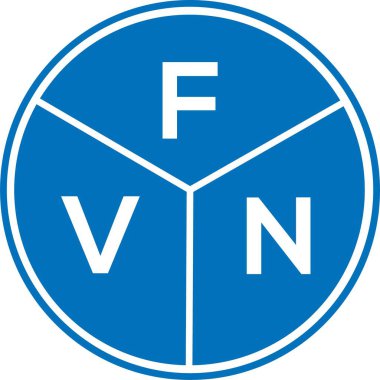 Beyaz arka planda FVN harf logosu tasarımı. FVN yaratıcı harflerin baş harfleri logo kavramı. FVN harf tasarımı.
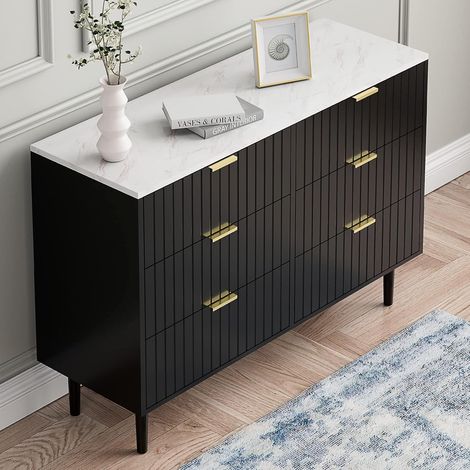 UEV Commode Chambre 6 Tiroirs, Plafond Couleur Marbré, Meuble de Rangement, Chambre/Salon 100 x 34 x 73cm, Meuble Tiroir Rangement, Scandinave, Noir (Plafond Marbré)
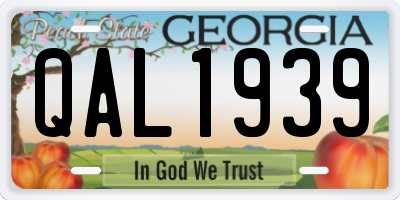 GA license plate QAL1939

= = = =

Your task: Give back the material above exactly, with each picture removed.

Output:
 Beyaz arka planda FVN harf logosu tasarımı. FVN yaratıcı harflerin baş harfleri logo kavramı. FVN harf tasarımı.
 UEV Commode Chambre 6 Tiroirs, Plafond Couleur Marbré, Meuble de Rangement, Chambre/Salon 100 x 34 x 73cm, Meuble Tiroir Rangement, Scandinave, Noir (Plafond Marbré)
 GA license plate QAL1939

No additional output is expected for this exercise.